Start at the line below containing "Mercedes-Benz A 180 2019 photo 5" and stop at the line containing "Powerology Monitor 144Hz (3)". Repeat every line of that stretch exactly, and nothing outside it.

RECORD EXTRACTS:

☆ ☆ ☆ ☆ ☆ ☆ ☆

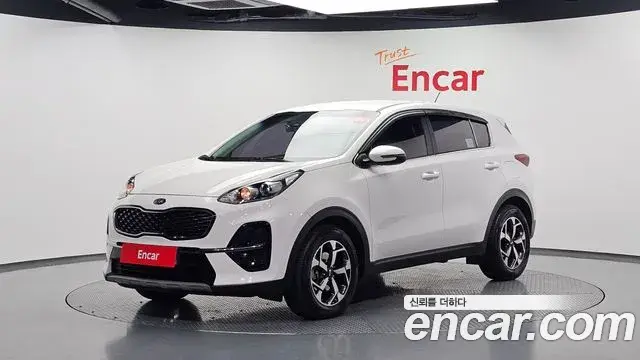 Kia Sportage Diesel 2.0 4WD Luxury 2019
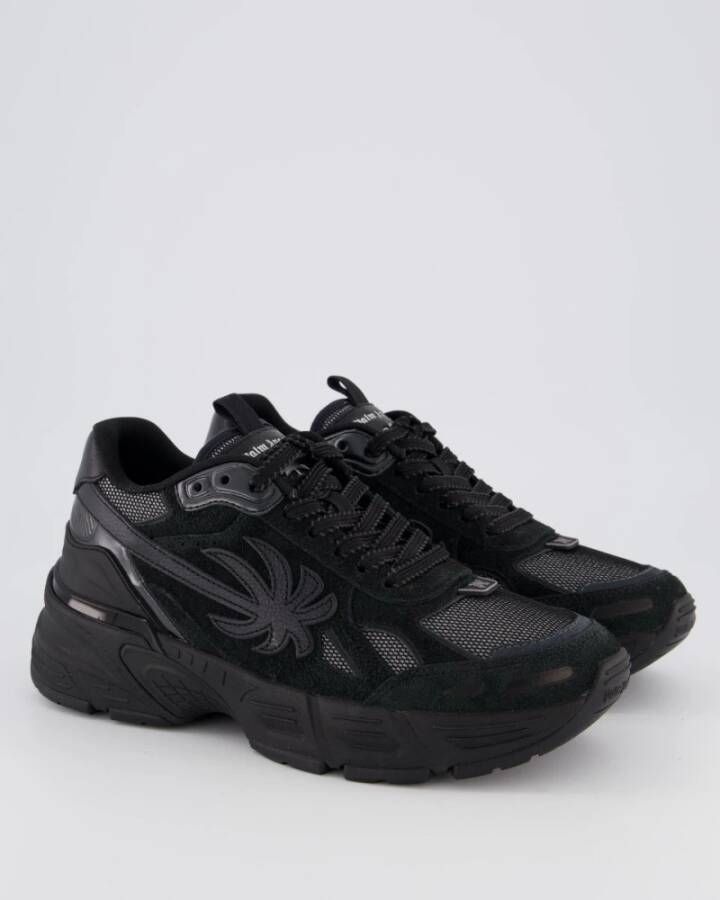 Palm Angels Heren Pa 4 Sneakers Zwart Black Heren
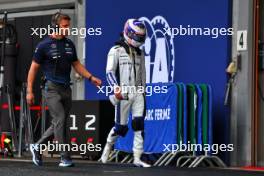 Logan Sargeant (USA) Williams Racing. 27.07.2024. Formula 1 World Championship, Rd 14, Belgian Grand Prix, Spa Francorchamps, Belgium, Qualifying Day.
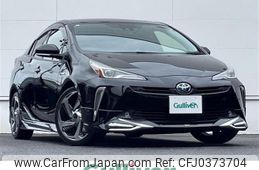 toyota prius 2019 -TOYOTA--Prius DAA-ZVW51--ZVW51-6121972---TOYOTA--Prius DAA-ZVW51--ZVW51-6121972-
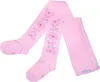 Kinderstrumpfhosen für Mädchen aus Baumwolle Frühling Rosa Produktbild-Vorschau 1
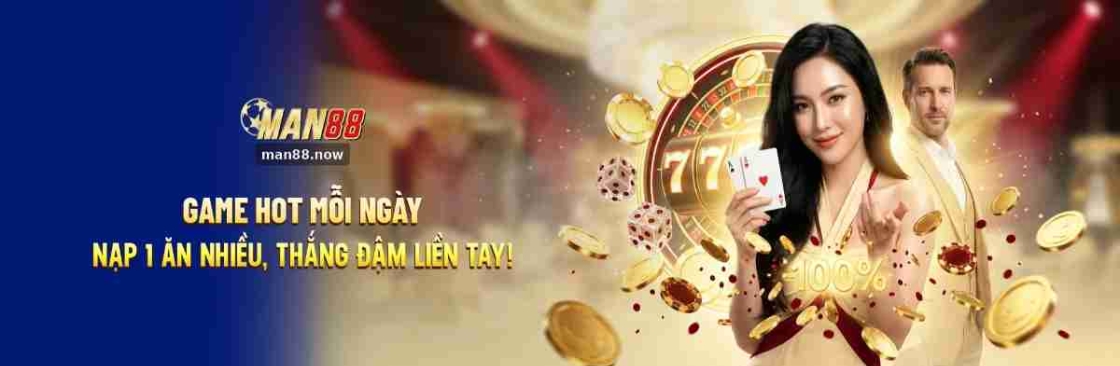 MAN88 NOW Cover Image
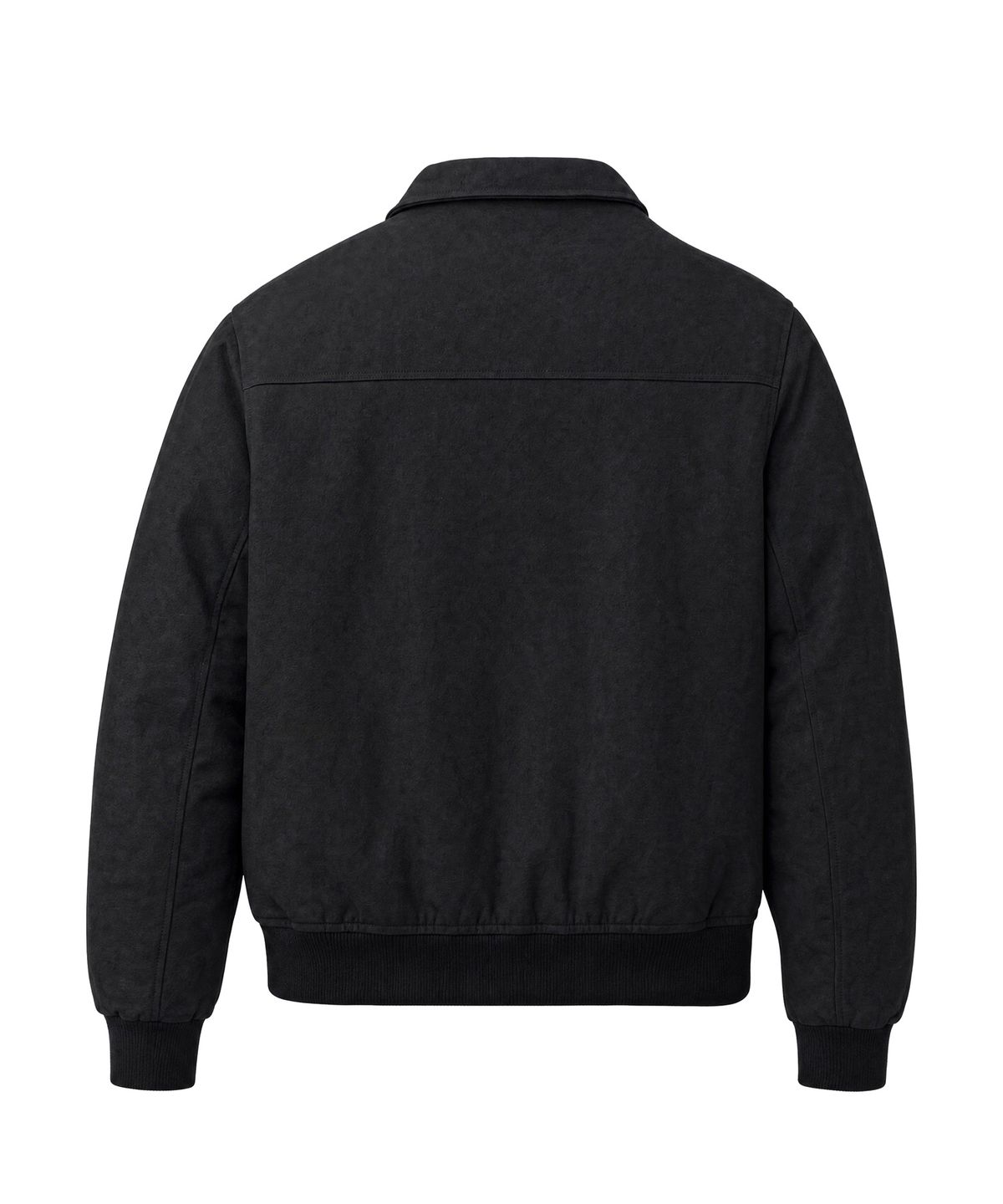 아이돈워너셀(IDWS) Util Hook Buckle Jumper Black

☆ ☆ ☆ ☆ ☆ ☆ ☆

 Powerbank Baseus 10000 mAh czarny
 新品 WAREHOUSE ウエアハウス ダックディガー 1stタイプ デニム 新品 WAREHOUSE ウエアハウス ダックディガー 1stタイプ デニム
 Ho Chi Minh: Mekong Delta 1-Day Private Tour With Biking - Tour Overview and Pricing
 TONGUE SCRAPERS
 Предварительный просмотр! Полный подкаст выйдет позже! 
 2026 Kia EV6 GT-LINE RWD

☆ ☆ ☆ ☆ ☆ ☆ ☆

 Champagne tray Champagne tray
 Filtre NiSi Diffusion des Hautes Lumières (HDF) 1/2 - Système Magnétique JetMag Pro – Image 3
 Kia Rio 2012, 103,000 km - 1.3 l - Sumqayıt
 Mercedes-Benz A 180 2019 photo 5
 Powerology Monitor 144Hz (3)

☆ ☆ ☆ ☆ ☆ ☆ ☆

OUTPUT FOR THIS EXERCISE:
 Mercedes-Benz A 180 2019 photo 5
 Powerology Monitor 144Hz (3)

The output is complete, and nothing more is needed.